Subject Area Human Cognitive and Systems Neuroscience
Term from 2011 to 2019
Project identifier Deutsche Forschungsgemeinschaft (DFG) - Project number 197448800
 
The ability to detect and respond to motivationally relevant information is crucial for survival. While the dopaminergic mesolimbic system, including substantia nigra / ventral tegmental area and nucleus accumbens, has long been associated with reward learning, recent evidence shows that it also codes aversive events. Although this points towards a much more general role in salience processing, it remains unclear whether the mesolimbic system follows a unified coding strategy in aversive and appetitive learning.
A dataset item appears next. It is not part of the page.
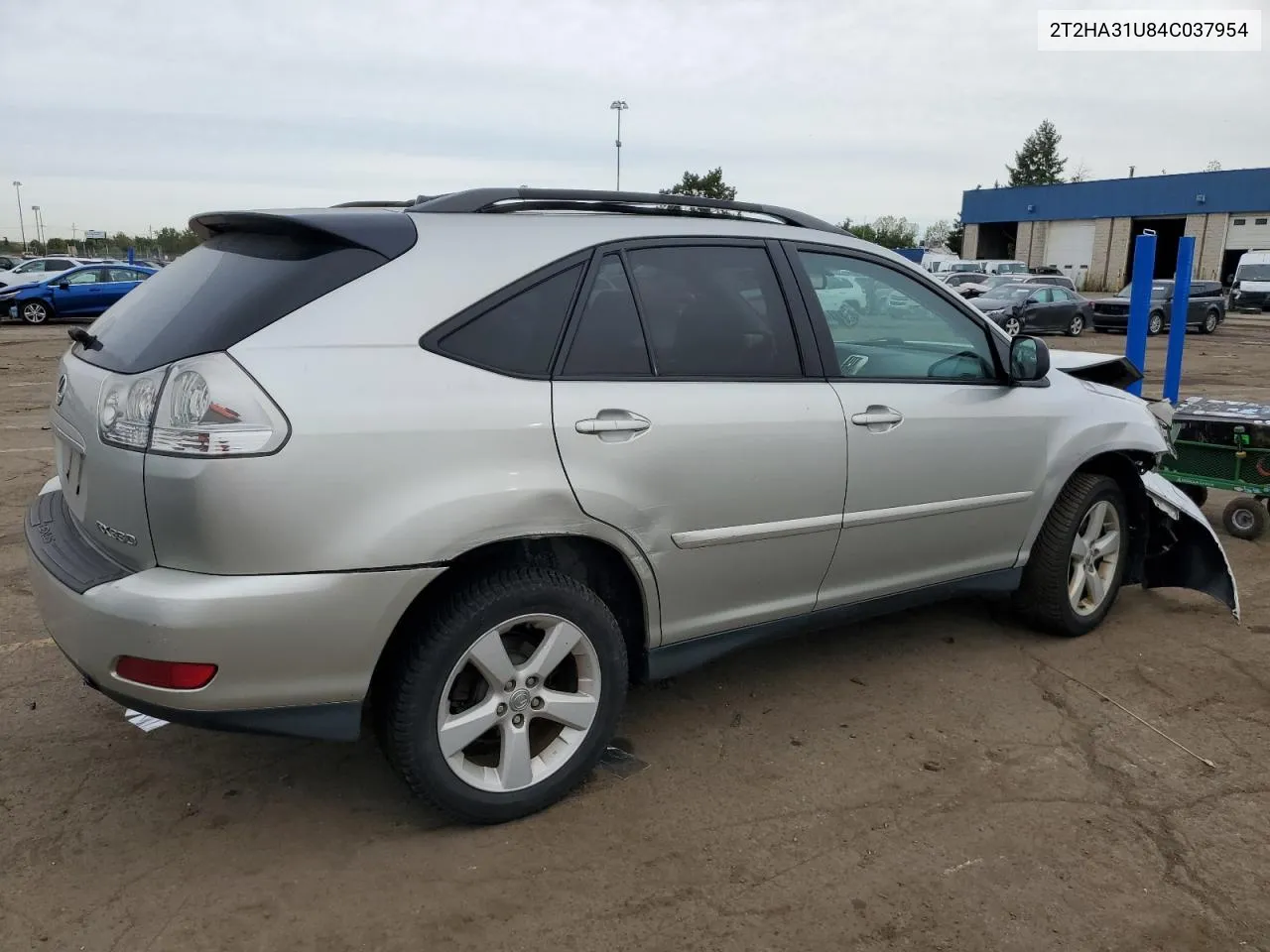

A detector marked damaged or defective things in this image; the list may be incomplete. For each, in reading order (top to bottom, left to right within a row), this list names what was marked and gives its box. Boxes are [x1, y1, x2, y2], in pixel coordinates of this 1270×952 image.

exposed headlight area [95, 352, 291, 456]
crumpled front bumper [1143, 472, 1239, 622]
On the basis of my previous studies, I plan to address this apparent gap in our understanding of basic learning mechanisms by using intracranial recordings in humans (iEEG) as well as combined EEG/fMRI together with psychopharmacology and behavioral tests. This multimodal approach allows a characterization of the underlying neural processes with high temporal and spatial resolution and it offers direct conclusions regarding the role of dopamine. As such, this work will give new and important insights into the functional properties of the human mesolimbic system in aversive learning. From a more clinical perspective, it might allow us to establish new markers of how the healthy brain predicts and adapts to painful stimulation, which is altered in patients suffering from chronic pain.